Performance Analysis
PNC’s first quarter performance reflected a mix of disciplined execution and macro-driven caution. The bank reported a modest decline in average loans, but crucially, spot C&I (Commercial & Industrial) loans rose 3%—the strongest increase since late 2022—driven by broad-based category gains and higher utilization rates. Net interest margin (NIM) expanded to 2.78%, benefiting from lower funding costs and fixed-rate asset repricing, even as deposit balances declined slightly in line with industry trends.
Non-interest income was pressured by seasonal factors and market volatility, with capital markets and advisory fees down, offset in part by stronger asset management and mortgage results. Expenses were tightly managed, declining 3% sequentially, and PNC reaffirmed its $350 million cost reduction target for 2025. Credit quality remains robust, with stable non-performing loans and a well-reserved balance sheet, despite a slight uptick in delinquencies tied to external events.

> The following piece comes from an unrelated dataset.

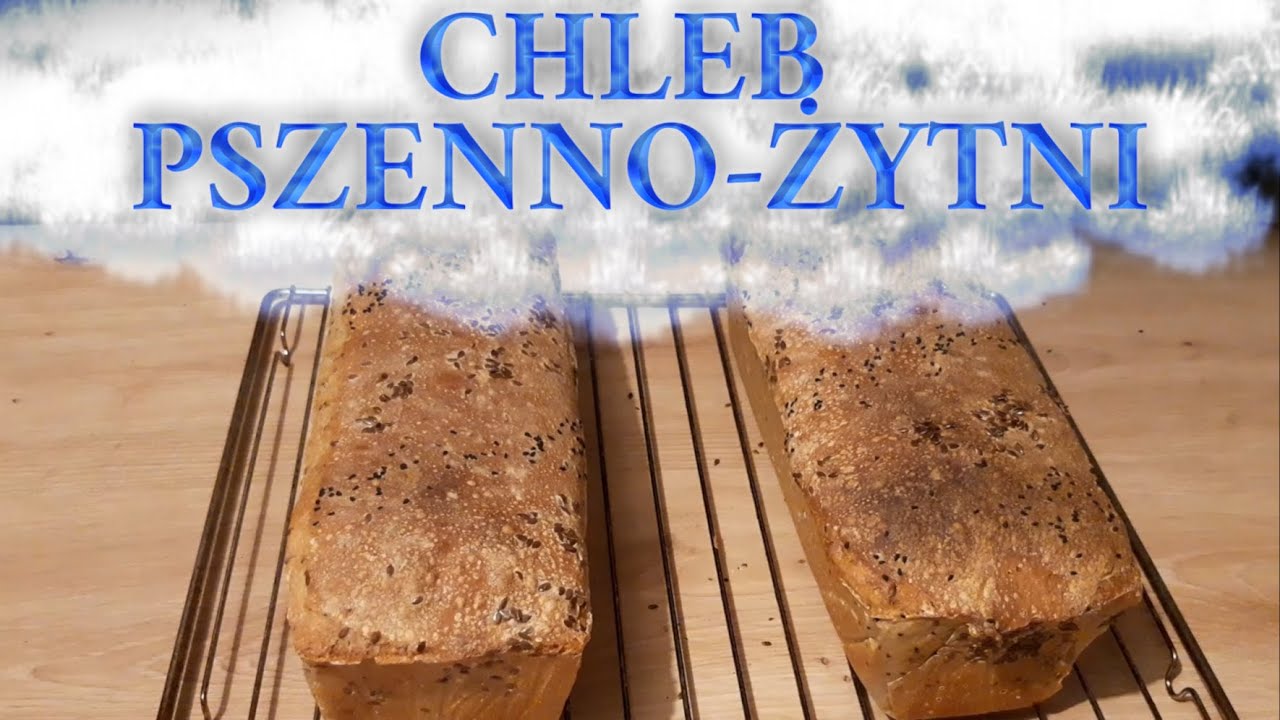 🥖 CHLEB PSZENNO-ŻYTNI NA ŻURKU 🥖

- C&I Loan Momentum: Broad-based growth and higher utilization rates signal underlying demand and franchise strength.
- Deposit Cost Management: Rate paid on deposits declined, supporting margin expansion even as balances edged down.
- Capital Return Acceleration: Share repurchases increased in Q1, with management signaling further buyback activity ahead.
Customer growth and relationship deepening in expansion markets were called out as key drivers, with new geographies delivering outsized contributions to deposit, wealth, and lending growth. The ability to maintain positive operating leverage amid revenue headwinds positions PNC well for a fluid macro environment.
Executive Commentary
"Irrespective of [the tariff] outcome, we have demonstrated time and again that we will perform well in periods of uncertainty. The foundation of our success has been built upon the strength of our balance sheet, client selection, our interest rate risk positioning, our diversified business mix, leading technology, and our people, and that has not changed."
Bill Demchek, Chairman and CEO
"Our active receive fixed rate swaps totaled $39 billion on March 31st, and the weighted average receive rate increased 27 basis points linked quarter to 3.49%, and up from 2.2% this time last year. With the addition of these swaps, we've reduced our interest rate sensitivity and further locked in a portion of our fixed rate asset repricing."
Rob Riley, Executive Vice President and CFO
Strategic Positioning
1. Expansion Markets as Growth Engine
PNC’s national expansion strategy continues to yield outsized results. Management highlighted that net customer growth, wealth inflows, and loan commitments are increasingly sourced from new markets, outpacing legacy geographies. This organic growth lever, built on a coast-to-coast franchise, is central to offsetting slower traditional loan demand and is driving the bank’s competitive differentiation.
2. Interest Rate Risk and Balance Sheet Management
Active management of rate risk remains a core competency for PNC. The addition of $9 billion in forward starting swaps in Q1, bringing the total to $20 billion, locks in fixed-rate asset repricing through 2026. This positions the bank to benefit both from near-term front-end rate cuts and longer-term higher term rates, supporting net interest income stability.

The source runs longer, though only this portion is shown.